So, what went wrong?
The attributes that are available in a RiskScape model depend on what input data the model uses.
In this case, it appears that our original area-layer has a Region
attribute,
but our new area-layer does not.
Let’s confirm this by taking a closer look at our new area-layer. Enter the following command:
riskscape bookmark info "data/ws_districts.shp"
You can see from the output that the file does not contain a Region
attribute,
although it does have a District
attribute instead, i.e.
Location : file:///C:/RiskScape_Projects/project-tutorial/data/data/ws_districts.shp
Attributes :
the_geom[MultiPolygon[crs=EPSG:4326]]
fid[Integer]
District[Text]
...
Tip
In many cases, bookmarks and file paths can be used interchangeably in RiskScape.

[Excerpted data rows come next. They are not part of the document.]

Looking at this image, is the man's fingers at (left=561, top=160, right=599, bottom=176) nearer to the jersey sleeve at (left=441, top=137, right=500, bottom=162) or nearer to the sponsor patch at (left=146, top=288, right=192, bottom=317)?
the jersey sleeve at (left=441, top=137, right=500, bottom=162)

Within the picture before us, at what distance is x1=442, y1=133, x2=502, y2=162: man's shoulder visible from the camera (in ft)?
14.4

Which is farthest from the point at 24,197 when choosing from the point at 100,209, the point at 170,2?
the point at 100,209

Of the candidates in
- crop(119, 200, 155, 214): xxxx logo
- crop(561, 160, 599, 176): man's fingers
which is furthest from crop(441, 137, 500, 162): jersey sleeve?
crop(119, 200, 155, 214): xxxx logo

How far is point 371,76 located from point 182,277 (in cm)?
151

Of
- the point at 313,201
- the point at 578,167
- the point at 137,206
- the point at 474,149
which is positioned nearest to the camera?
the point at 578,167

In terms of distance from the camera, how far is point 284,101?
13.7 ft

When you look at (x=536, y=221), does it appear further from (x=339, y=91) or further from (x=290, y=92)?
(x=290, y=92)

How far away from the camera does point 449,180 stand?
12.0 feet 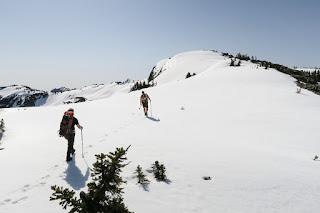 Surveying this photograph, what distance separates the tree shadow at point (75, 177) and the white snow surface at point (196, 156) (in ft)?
0.10

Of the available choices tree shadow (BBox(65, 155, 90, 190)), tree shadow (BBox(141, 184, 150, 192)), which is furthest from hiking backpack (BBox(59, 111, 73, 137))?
tree shadow (BBox(141, 184, 150, 192))

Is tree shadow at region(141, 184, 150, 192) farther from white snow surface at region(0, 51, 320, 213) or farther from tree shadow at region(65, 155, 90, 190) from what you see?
tree shadow at region(65, 155, 90, 190)

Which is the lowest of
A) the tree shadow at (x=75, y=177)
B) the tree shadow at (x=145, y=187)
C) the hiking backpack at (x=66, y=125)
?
the tree shadow at (x=75, y=177)

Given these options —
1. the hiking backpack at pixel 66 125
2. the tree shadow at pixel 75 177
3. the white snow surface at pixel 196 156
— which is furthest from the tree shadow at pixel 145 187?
the hiking backpack at pixel 66 125

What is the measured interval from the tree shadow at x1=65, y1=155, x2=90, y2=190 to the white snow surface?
3cm

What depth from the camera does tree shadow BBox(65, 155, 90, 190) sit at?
5.68 meters

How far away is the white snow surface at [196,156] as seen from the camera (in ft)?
16.1

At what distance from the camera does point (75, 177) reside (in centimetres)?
618

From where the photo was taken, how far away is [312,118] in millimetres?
12836

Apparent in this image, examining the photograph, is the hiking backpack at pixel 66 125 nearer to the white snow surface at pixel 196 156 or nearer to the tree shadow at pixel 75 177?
the white snow surface at pixel 196 156

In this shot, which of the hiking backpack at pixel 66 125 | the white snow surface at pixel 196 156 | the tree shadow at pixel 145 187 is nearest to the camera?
the white snow surface at pixel 196 156

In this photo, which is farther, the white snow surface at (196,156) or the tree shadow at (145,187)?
the tree shadow at (145,187)

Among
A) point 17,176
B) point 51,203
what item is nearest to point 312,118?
point 51,203

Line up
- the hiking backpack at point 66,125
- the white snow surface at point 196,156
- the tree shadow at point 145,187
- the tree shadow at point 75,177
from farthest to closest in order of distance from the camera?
1. the hiking backpack at point 66,125
2. the tree shadow at point 75,177
3. the tree shadow at point 145,187
4. the white snow surface at point 196,156
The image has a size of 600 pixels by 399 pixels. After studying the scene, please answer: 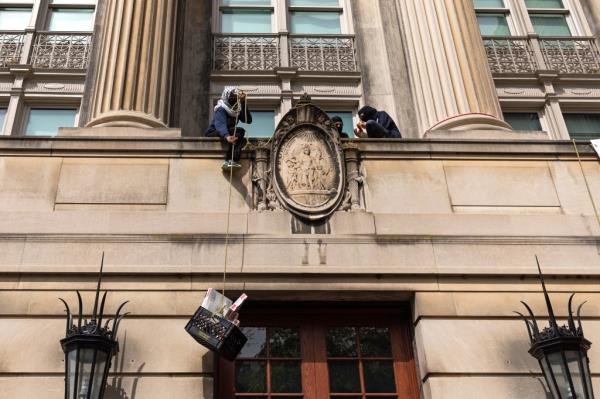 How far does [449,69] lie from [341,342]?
5950 mm

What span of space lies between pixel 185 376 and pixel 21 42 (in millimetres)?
10985

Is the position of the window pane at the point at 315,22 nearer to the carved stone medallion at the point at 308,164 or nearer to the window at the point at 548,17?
the window at the point at 548,17

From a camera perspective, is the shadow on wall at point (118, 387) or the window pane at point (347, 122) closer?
the shadow on wall at point (118, 387)

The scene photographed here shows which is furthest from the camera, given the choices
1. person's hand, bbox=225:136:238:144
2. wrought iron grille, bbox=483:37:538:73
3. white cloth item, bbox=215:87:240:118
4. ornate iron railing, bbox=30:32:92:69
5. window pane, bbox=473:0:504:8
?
window pane, bbox=473:0:504:8

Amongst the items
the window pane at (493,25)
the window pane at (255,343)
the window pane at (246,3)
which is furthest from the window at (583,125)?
the window pane at (255,343)

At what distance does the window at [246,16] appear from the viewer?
53.7 feet

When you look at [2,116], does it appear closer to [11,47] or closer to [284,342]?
[11,47]

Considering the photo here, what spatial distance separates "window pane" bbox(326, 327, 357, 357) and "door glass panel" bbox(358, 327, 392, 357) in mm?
126

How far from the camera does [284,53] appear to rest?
1570 cm

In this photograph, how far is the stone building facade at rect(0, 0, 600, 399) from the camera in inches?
335

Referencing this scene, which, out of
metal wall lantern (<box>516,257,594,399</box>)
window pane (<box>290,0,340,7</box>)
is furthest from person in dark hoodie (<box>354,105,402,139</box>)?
window pane (<box>290,0,340,7</box>)

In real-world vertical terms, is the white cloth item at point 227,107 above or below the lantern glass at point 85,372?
above

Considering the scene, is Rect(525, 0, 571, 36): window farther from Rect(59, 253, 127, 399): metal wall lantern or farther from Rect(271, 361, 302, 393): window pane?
Rect(59, 253, 127, 399): metal wall lantern

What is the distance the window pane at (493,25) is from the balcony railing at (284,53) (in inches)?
150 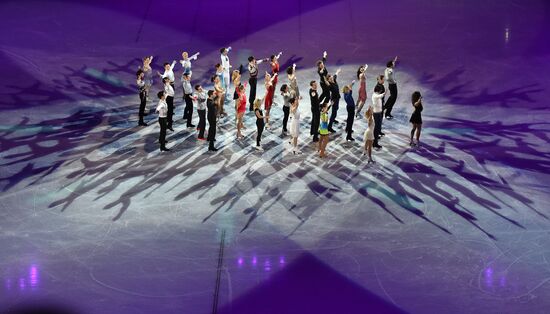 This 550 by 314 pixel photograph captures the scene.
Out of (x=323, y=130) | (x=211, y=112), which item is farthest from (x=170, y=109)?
(x=323, y=130)

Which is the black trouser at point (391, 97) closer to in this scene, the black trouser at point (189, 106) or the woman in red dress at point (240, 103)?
the woman in red dress at point (240, 103)

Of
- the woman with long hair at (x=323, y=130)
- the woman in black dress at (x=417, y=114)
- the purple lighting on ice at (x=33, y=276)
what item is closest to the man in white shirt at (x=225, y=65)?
the woman with long hair at (x=323, y=130)

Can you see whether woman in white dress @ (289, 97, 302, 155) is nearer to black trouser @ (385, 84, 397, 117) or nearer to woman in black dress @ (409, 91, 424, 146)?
woman in black dress @ (409, 91, 424, 146)

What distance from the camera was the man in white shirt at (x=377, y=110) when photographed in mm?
18125

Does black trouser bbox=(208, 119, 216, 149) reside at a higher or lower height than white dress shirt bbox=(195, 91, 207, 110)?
lower

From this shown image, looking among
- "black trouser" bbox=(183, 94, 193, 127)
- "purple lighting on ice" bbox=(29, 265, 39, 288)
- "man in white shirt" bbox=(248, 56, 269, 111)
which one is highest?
"man in white shirt" bbox=(248, 56, 269, 111)

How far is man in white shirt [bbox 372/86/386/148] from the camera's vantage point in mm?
18125

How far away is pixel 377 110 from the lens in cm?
1841

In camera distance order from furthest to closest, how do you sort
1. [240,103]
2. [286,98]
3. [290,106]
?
[290,106] < [286,98] < [240,103]

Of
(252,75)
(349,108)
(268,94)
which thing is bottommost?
(349,108)

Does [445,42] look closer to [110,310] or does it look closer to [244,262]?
[244,262]

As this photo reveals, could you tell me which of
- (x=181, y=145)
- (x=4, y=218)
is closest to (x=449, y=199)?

For example, here we passed a file path directly to the riskscape bookmark info
command.
This means you can use file paths as model parameters without necessarily creating bookmarks.
Consistent input data
In order to reuse the same model with different input files,
some attributes in the input data (in this case, the Region
attribute) will need to be consistent across the files.
The naive approach would be to manually rename the attribute in the input data, and re-save the shapefile. However, this can be cumbersome and error-prone if you need to do it often.
RiskScape bookmarks can solve the problem for us.
Let’s create a new bookmark for this second area-layer shapefile.
Add the following to your project.ini
file and save it.
[bookmark Samoa_districts]
location = data/ws_districts.shp
set-attribute.Region = District
The last line is setting a new attribute called Region
, which will hold whatever value is in the District
attribute.
Enter the following command to see what the bookmark data looks like now:
riskscape bookmark info Samoa_districts
You should see that there is now a new Region
attribute in the output.
The original District
attribute is still also present.
"Samoa_districts"
Description :
Location : file:///C:/RiskScape_Projects/project-tutorial/data/data/ws_districts.shp
Attributes :
the_geom[MultiPolygon[crs=EPSG:4326]]
fid[Integer]
District[Text]
Region[Text]
...
Now enter the following command to use our new bookmark in the model.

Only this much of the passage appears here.